Vous comptiez une première expérience en tant que styliste pour La Redoute. Qu’aviez-vous dessiné exactement pour eux ?

J’avais dessiné huit pièces en tout : un sac, un pantalon, une robe, un débardeur, une jupe, un boléro, une veste, etc. Je crois que cela a bien marché. J’aime l’éthique de Lee Cooper : des produits de qualité et des jeans certes un peu chers, mais qui tiendront le coup. Je n’aime pas ce réseau de la mode où l’on jette tout une fois porté. Ces trends m’échappent un peu.

Vous avez tout de même respecté la tendance en dessinant des jeans taille haute et des slims ?

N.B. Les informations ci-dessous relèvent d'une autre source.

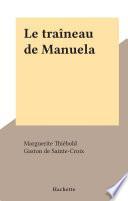 Le traîneau de Manuela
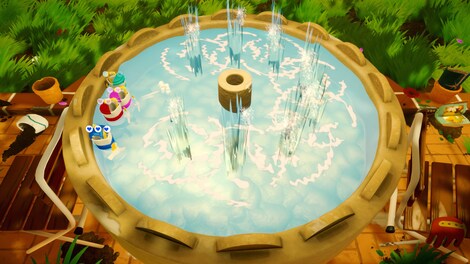 Skelittle: A Giant Party!! (PC) - Steam Key - CHINA - 10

Oui, mais c’était en février dernier, à ce moment-là, personne n’avait encore fait des tailles hautes à quelques rares exceptions près. Moi, je n’ai pas voulu aller vers le trend du moment, c’est-à-dire vers le jean patte d’ef mais au contraire vers des coupes un peu années 1930 et 1940 à la Coco Chanel. Je trouve que les tailles hautes font des longues jambes, ce sont des coupes plus sculpturales qui mettent davantage en valeur le corps de la femme.

Ce n’est pas un hasard si vous dessinez des jeans. Il semblerait que ce soit en effet la pièce maîtresse de votre garde-robe…

Pas vraiment, vous savez. Je ne suis pas une fanatique du jean contrairement au reste de ma famille. Moi, au contraire, je préfère les robes aux pantalons. J’aime m’amuser avec le jean. Je voudrais que les gens puissent s’approprier les modèles que j’ai dessinés pour Lee Cooper, les customiser.

Finalement vous avez repris le style Birkin au sens large…

Je suis née dans une famille où l’on ne se brossait pas les cheveux, ou, à la limite, on utilisait une fourchette en guise de brosse, où l’on avait des n£uds dans les cheveux et ce n’était pas grave. Un petit coup de crayon noir et un tube de rouge à lèvres dans la poche faisaient l’affaire. C’était ça les valeurs de ma mère. Je suis née en 1982 et forcément ma mère dans les années 1960 c’est l’inconnu. De plus, à la maison, il n’y avait aucune photo d’elle, elle ne pratiquait pas le culte de soi. Son look  » petite robe et ballerines « , je n’ai pas connu. Quand Marc Jacobs me dit :  » Votre mère, c’était une icône « , je ne connais pas vraiment celle à qui il fait allusion. Moi, j’ai hérité d’un mélange, d’une influence mais à la différence de ma mère, je ne suis la muse de personne. J’ai été élevée par une maman qui l’était et c’est ce qui me fascine en elle, en même temps cela ne devait pas être facile pour elle d’être  » la femme de Serge « . Dans mon style aussi, je me suis construite toute seule, toujours un peu en réaction. Je choisissais des trucs trop petits, j’allais au rayon garçon et j’adore depuis toujours me déguiser. Je me souviens d’un Noël où Charlotte m’avait offert des Converse rouge à rollers, ma grand-mère un tutu noir, ma mère des leggings rose fluo et puis des gants de boxe. J’ai voulu tout mettre ensemble, pour faire rire je crois…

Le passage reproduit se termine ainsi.